In the data below, one line contains "你有过这种尴尬又好笑的经历吗?" and a later one contains "Защитное полимерное покрытие". Print both, with every line between them, exactly and alone.
___ THE RECORDS
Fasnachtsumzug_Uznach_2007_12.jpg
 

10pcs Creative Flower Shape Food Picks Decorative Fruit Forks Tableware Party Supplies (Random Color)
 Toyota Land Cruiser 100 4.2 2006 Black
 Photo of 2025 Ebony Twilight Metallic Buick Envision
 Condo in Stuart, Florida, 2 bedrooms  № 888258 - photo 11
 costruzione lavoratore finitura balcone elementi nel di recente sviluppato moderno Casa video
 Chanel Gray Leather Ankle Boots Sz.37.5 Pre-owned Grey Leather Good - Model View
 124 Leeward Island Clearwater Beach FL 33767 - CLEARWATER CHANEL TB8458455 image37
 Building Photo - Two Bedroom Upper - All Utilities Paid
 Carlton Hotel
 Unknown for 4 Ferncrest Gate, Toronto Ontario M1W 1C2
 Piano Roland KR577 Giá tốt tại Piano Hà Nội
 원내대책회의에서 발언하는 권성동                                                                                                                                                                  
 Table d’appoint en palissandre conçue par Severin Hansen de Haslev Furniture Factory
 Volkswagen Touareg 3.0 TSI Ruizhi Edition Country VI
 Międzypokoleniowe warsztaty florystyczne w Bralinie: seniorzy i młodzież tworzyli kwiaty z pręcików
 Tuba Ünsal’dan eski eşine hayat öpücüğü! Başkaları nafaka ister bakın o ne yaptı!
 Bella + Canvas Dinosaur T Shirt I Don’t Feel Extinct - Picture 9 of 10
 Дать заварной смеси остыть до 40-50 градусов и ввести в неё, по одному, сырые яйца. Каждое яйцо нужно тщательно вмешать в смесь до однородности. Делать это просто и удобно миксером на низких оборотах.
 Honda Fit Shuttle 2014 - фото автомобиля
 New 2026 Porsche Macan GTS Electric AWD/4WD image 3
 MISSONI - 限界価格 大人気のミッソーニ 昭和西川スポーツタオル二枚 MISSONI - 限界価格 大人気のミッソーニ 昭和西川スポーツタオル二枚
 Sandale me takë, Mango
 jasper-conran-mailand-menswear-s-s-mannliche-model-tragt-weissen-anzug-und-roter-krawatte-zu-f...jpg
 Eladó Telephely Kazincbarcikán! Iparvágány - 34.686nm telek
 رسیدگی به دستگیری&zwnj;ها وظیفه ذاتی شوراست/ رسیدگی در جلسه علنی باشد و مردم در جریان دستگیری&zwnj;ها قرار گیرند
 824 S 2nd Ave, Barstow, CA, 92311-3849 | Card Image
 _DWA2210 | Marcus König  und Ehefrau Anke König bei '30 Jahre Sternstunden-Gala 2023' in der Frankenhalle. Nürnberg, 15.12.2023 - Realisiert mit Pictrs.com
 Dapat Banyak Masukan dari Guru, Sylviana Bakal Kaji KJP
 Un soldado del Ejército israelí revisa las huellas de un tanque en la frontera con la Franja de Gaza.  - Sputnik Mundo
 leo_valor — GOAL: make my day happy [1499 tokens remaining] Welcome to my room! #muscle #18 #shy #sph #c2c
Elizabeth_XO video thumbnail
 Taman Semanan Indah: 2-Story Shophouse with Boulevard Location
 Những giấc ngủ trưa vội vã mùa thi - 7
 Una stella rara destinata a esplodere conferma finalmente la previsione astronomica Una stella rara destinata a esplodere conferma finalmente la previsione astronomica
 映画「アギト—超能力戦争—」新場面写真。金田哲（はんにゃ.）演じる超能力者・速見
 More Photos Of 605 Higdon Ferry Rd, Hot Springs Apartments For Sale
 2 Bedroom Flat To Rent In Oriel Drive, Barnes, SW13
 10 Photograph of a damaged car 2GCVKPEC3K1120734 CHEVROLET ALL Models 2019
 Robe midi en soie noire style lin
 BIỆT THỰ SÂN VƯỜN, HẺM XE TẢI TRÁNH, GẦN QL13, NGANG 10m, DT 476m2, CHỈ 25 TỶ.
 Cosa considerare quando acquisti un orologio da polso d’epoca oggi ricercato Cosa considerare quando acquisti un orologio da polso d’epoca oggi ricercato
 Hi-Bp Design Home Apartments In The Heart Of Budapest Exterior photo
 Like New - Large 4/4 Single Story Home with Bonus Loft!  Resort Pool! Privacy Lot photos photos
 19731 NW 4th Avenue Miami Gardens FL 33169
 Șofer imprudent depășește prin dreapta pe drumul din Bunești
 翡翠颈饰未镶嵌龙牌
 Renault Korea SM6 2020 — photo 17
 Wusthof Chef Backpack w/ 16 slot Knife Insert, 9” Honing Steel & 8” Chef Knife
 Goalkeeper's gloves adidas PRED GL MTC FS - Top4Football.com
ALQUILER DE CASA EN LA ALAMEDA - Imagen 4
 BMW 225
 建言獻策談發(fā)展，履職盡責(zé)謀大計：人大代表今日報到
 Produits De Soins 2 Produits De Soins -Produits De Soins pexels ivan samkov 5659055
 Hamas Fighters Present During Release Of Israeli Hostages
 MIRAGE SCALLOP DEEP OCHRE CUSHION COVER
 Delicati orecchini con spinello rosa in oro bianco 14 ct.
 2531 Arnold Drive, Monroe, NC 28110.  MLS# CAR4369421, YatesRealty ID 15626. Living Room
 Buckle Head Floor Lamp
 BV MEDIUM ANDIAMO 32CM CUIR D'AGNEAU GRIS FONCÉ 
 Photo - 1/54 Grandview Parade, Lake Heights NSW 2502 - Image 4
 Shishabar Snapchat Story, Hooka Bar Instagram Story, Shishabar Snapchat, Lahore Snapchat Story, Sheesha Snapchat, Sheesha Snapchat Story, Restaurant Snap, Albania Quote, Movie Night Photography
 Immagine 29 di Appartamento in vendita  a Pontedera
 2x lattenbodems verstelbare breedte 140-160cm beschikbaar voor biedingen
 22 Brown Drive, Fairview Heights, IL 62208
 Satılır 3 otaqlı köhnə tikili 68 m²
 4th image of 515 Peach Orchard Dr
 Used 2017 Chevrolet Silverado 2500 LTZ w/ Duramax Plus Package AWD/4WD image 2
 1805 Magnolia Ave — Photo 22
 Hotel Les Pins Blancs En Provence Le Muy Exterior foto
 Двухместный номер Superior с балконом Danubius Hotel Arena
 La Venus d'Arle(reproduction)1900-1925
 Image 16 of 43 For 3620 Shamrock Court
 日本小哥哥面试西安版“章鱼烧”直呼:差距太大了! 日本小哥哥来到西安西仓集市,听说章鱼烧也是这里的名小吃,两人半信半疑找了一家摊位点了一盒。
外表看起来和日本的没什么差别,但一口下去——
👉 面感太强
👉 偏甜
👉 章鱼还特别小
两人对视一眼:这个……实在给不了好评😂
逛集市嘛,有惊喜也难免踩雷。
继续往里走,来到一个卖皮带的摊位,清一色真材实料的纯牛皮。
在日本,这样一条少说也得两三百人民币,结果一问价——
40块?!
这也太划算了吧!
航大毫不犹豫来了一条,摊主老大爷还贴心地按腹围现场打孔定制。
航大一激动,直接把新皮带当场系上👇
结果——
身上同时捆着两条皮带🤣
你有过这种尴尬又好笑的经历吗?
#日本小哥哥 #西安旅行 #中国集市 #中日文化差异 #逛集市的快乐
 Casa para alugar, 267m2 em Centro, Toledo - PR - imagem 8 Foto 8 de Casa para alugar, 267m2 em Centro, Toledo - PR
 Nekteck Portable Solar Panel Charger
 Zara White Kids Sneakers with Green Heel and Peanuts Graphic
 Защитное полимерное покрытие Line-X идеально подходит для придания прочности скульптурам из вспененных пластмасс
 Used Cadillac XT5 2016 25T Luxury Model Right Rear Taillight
______
__RESPONSE AREA__.
你有过这种尴尬又好笑的经历吗?
#日本小哥哥 #西安旅行 #中国集市 #中日文化差异 #逛集市的快乐
 Casa para alugar, 267m2 em Centro, Toledo - PR - imagem 8 Foto 8 de Casa para alugar, 267m2 em Centro, Toledo - PR
 Nekteck Portable Solar Panel Charger
 Zara White Kids Sneakers with Green Heel and Peanuts Graphic
 Защитное полимерное покрытие Line-X идеально подходит для придания прочности скульптурам из вспененных пластмасс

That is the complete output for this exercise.